Been away too long! Quite a few things have been going on, will try to get caught up with them.
I’ve been following the Mann / Steyn war pretty much since it began. The most recent twist is that Steyn, proving that Mann should really have listened to me when he had the chance, has put out a new book, “A Disgrace To The Profession”: The World’s Scientists – in their own words – on Michael E. Mann.
I’m eagerly awaiting my copy. The book – which consists of comments by various leading climate scientists on what they think of Mann and his ludicrous stick – dovetails nicely with my own intellectual path on this subject.
I first got into the subject of Mann and the Stick when it was being loudly trumpeted that Mann’s hockey stick had been proved by National Academy of Sciences. Looking at what the Academy actually reported, this turned out to be misleading. The Academy clearned Mann of deliberate falsification, but concluded the stick was a pretty shaky piece of science. Mann seemed to agree.
Then came the beginning of the Steyn lawsuit. I was torn. On the one hand, I have a lot of respect for Steyn; on the other hand, I hated – still hate – seeing accusations of scientific dishonesty made lightly. I was also utterly unimpressed by Mann lying about his Nobel prize.

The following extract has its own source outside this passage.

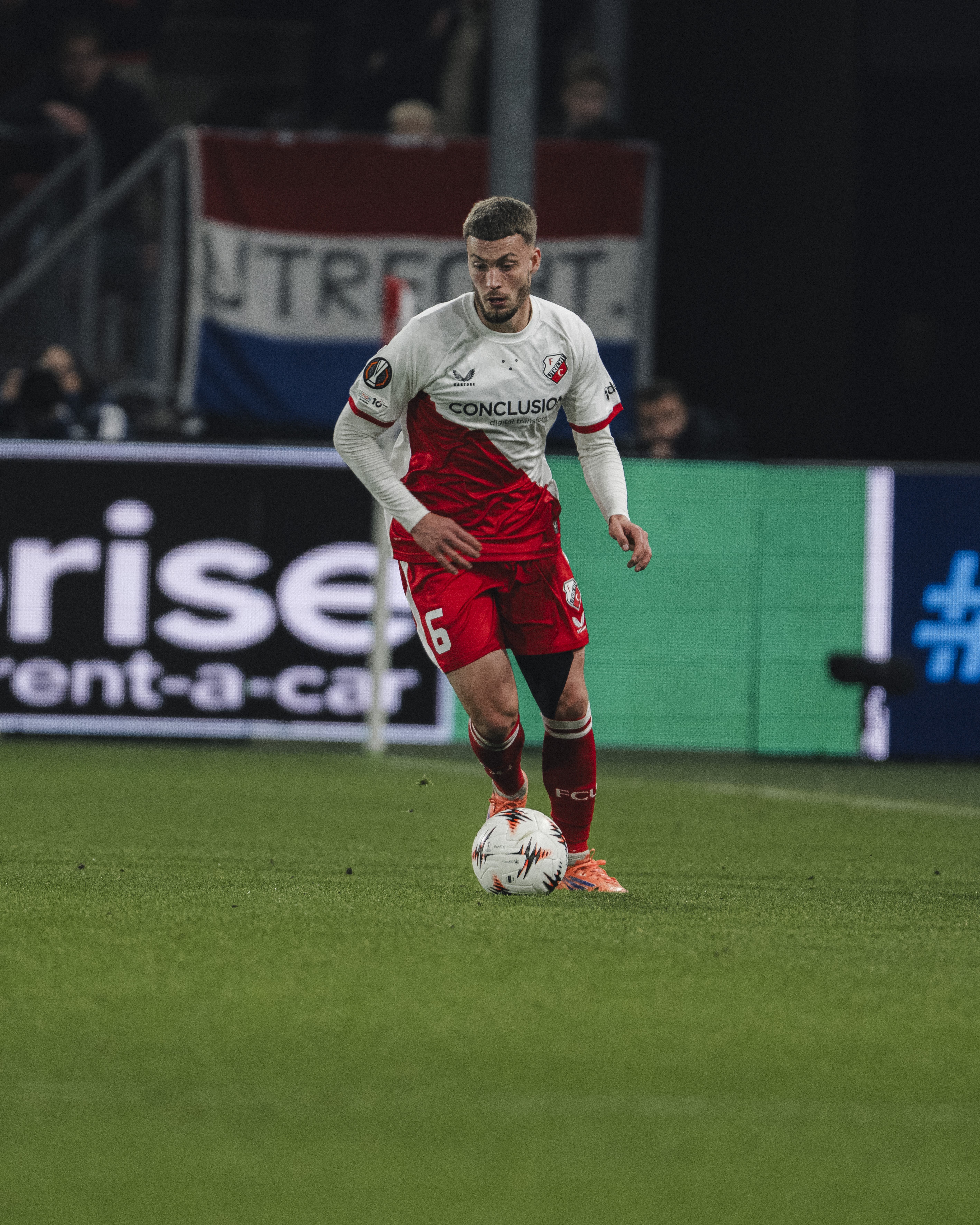 Davy van den Berg op huurbasis naar Luton Town FC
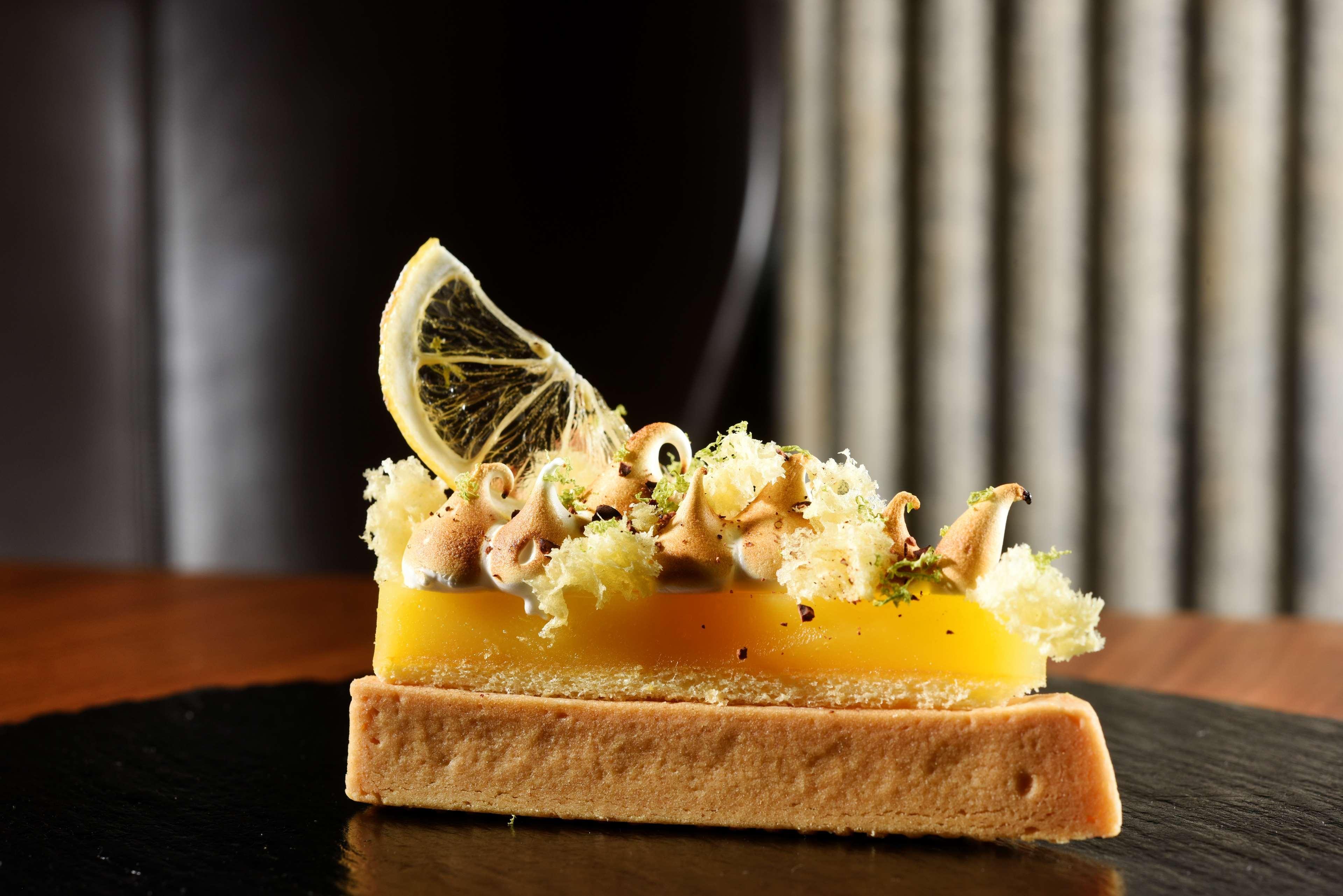 Palazzo Montemartini Rome, A Radisson Collection Hotel Екстериор снимка A lemon tart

Then I found out about his habit of bullying other researchers, and generally being a megalomaniacal windbag, and was serially dishonest about, e.g., whether he’d been exonerated by different groups. Even so, I was not willing to accuse Mann of scientific dishonesty.
Then I found out what some other scientists were saying…
Things like this, for example, from David Rind:
Concerning the hockey stick: what Mike Mann continually fails to understand, and no amount of references will solve, is that there is practically no reliable tropical data for most of the time period, and without knowing the tropical sensitivity, we have no way of knowing how cold (or warm) the globe actually got. I’ve made the comment to Mike several times, but it doesn’t seem to get across.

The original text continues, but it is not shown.